> [What the exercise asks]
Copy exactly the lines of the material below that run from the one containing "RSVP誕生日アジア赤黒フローラシルバーホワイト 出欠カード (正面/裏面)" through the one containing "SHECZZAR Satin Fit & Flare Dress, Pink". Copy no other lines.

BEGIN Stored data

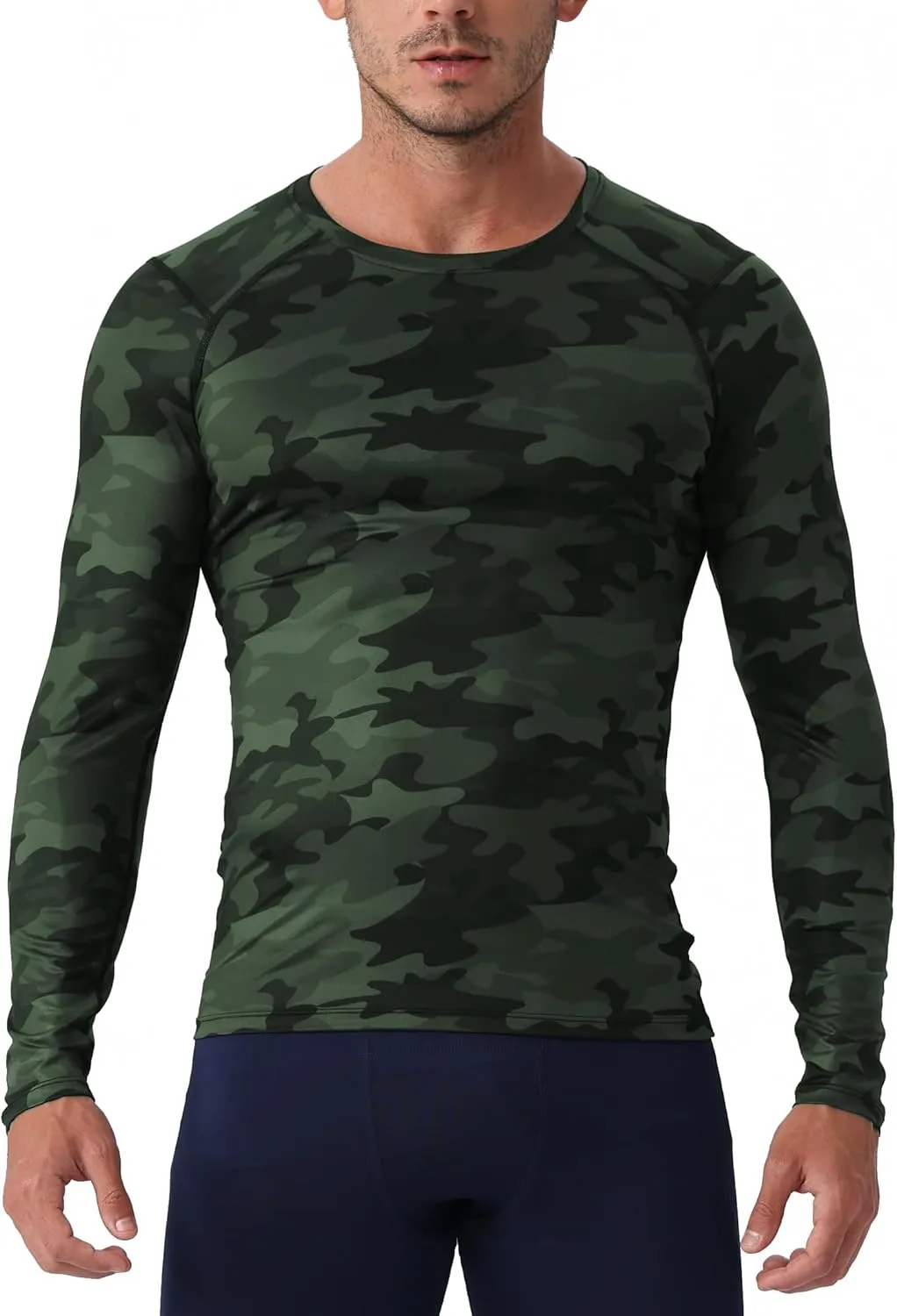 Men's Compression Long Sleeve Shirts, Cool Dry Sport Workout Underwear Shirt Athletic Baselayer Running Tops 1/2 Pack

END Stored data
BEGIN Stored data

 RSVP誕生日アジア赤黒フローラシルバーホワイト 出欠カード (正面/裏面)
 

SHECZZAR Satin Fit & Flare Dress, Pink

END Stored data

> [Solution for this exercise]
 RSVP誕生日アジア赤黒フローラシルバーホワイト 出欠カード (正面/裏面)
 

SHECZZAR Satin Fit & Flare Dress, Pink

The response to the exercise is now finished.